Why are the lids on yellow containers sealed shut and their holes so small?
This does make it harder for people to recycle but it is absolutely essential to keep out materials that should not go in those containers. It is a measure that aims to keep the work of those people who correctly deposit packaging waste in these containers from being nullified by those who use them to deposit any kind of waste.
Should I call Ecoembes if the containers in my neighborhood are overflowing and/or dirty?
No. You should call the city hall department responsible for waste pick-up.
How many container types are there?
Although the colors are always the same, yellow, blue and green, their shapes and sizes vary depending on the collection system used by the municipality and on its urban planning.
Who is responsible for the selective pick-up of packaging? Ecoembes? City hall? The regional government?

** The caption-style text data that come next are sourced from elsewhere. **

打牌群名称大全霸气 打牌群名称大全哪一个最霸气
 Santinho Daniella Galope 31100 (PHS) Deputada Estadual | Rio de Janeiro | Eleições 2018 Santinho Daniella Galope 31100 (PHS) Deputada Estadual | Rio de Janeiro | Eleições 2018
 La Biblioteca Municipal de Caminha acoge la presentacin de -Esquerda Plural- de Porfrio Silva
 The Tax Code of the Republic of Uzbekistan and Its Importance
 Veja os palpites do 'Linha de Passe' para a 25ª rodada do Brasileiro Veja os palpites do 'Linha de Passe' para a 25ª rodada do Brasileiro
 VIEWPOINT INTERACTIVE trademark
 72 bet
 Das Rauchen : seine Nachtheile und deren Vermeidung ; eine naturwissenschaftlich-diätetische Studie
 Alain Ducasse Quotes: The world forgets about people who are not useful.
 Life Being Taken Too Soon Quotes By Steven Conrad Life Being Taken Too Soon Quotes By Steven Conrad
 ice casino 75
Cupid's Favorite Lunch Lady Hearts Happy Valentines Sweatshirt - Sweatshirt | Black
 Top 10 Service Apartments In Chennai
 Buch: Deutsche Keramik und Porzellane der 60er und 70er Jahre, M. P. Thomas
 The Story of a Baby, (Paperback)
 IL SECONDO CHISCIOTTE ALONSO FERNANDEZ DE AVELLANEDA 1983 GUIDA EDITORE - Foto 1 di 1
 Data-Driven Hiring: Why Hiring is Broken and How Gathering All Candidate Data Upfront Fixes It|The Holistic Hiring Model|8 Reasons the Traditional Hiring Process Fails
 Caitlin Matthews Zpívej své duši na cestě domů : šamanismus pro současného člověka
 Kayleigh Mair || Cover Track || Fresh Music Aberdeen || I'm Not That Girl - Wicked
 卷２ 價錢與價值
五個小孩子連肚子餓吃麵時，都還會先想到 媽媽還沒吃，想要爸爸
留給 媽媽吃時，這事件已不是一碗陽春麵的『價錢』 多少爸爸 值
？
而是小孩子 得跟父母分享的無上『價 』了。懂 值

The pick-up of packaging is a municipal responsibility, and it is thus the local government that must implement the selective pick-up in its area. In the case of small or medium municipalities, however, it is common for them to group their services together to cover several municipalities or counties, or the provincial government may provide this service.
Are municipalities required to implement the selective pick-up of packaging?
Law 10/98 on waste states that all municipalities with over 5,000 residents must implement the selective pick-up of waste. Nowadays practically 100% of Spain’s inhabitants have yellow and blue containers close to their homes.
What’s considered packaging and what isn’t?
Any product made with materials of any type that is used to contain, protect, handle, distribute and present goods, from raw materials to finished articles, in any phase of the manufacturing, distribution and consumption chain. For example, a box of cookies, a can of sardines, a bottle of water, a carton of milk, a box of nougat, labels, stickers, single-use bags, etc.
What containers does Ecoembes handle?
At Ecoembes we handle two packaging types: light packaging (plastic and metal packaging and cartons), which is deposited in the yellow container; and paper and cardboard, which goes in the blue container.